On a recent video call that bridged nearly a hundred years, 99-year-old veteran Lu Chen sat in an old-style uniform and looked into a screen at the fresh faces of the People’s Liberation Army’s so-called “Red Ninth” company. The unit and the man share an unusual commonality: both trace their origins to 1927, a birth year that tied their narratives together through war, revolution and service. The soldiers on the other end of the line are today stationed on the Tibetan plateau, a posting whose geography underlines the enduring strategic role of the unit even as it has been reorganized and redeployed multiple times over the decades.
Lu and the company made a promise during the call: in 2027, when Lu turns 100 and the PLA and the company each mark their centenaries, they will meet again—separated by distance but united by ceremony and memory. The promise was framed as an act of tribute, connecting the generation that fought to found a new China with the current generation that vows to defend it. State and military outlets have emphasized the emotive power of such reunions to narrate continuity, loyalty and sacrifice across the party-army relationship.

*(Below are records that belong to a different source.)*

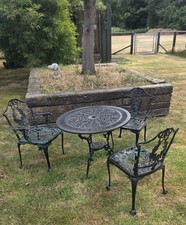 Victorian French Style Cast Garden Bistro Patio Set - Table & 3 Chairs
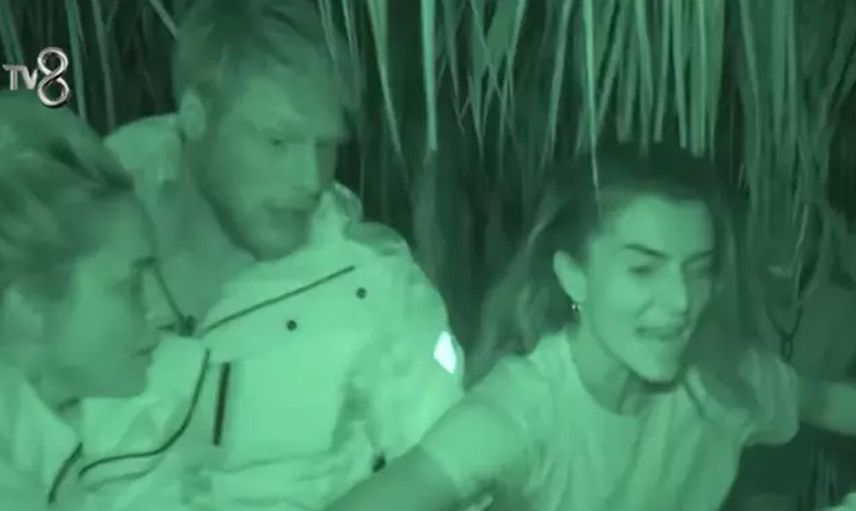 Survivor'da gece yarısı büyük kavga: Tekmeler, yumruklar... Gözündeki morluk dehşete düşürdü!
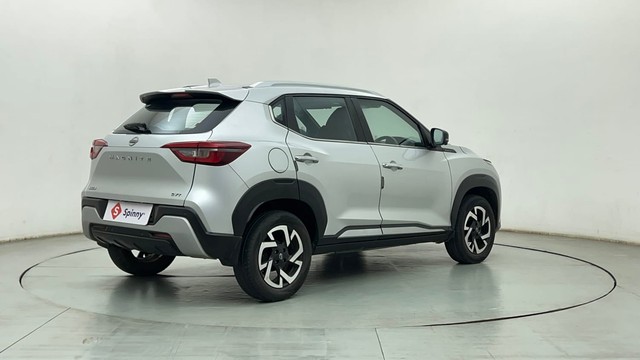 Second-hand 2023 Nissan Magnite Turbo CVT XV Premium for sale in Mumbai-3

The scene is more than nostalgia. 2027 is a symbolic milestone for the PLA and for the Chinese Communist Party’s portrayal of its legitimacy: a ritualized reaffirmation of the armed forces’ role in state-building and national defence. Presenting a veteran born in the same year as his unit’s formation, and showing him exchanging vows with young soldiers in a frontier posting, highlights an institutional narrative of unbroken lineage that the Chinese leadership prizes. Those narratives are routinely used to bolster morale, aid recruitment and reinforce obedience to civilian (party) command.
The company’s long posting in Tibet adds a geopolitical subtext. The plateau remains a sensitive strategic theatre for Beijing, particularly after the 2020 border clashes with India and ongoing infrastructure and force-modernization efforts in the region. Framing a centennial reunion around a unit that has served there allows the state to blend human-interest storytelling with an implicit reminder of the PLA’s operational reach and readiness along key frontiers.

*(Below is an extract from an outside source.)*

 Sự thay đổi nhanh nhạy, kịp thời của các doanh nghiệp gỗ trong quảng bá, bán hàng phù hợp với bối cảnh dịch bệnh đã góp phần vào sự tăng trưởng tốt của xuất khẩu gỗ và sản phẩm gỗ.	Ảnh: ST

The medium also matters: a video link creates a modern form of commemoration, marrying digital connectivity with traditional martial ritual. The image of an elderly instructor and young troops pledging to meet in 2027 is a neat piece of domestic PR—it humanizes the military while underlining discipline and intergenerational transmission of values. For international audiences, it signals how Beijing will mark its centenary with carefully staged displays of continuity rather than purely technical demonstrations of military power.
If the promise is fulfilled, the 2027 events will be less about a single reunion than about the broader performance of national memory. Expect coordinated ceremonies, heightened media coverage, and curated moments that fuse personal sacrifice with state symbolism. For policymakers watching from abroad, the significance lies not in the warmth of the exchange but in how such narratives will be used inside and outside China to frame the PLA’s evolution and its role in Beijing’s conception of national strength.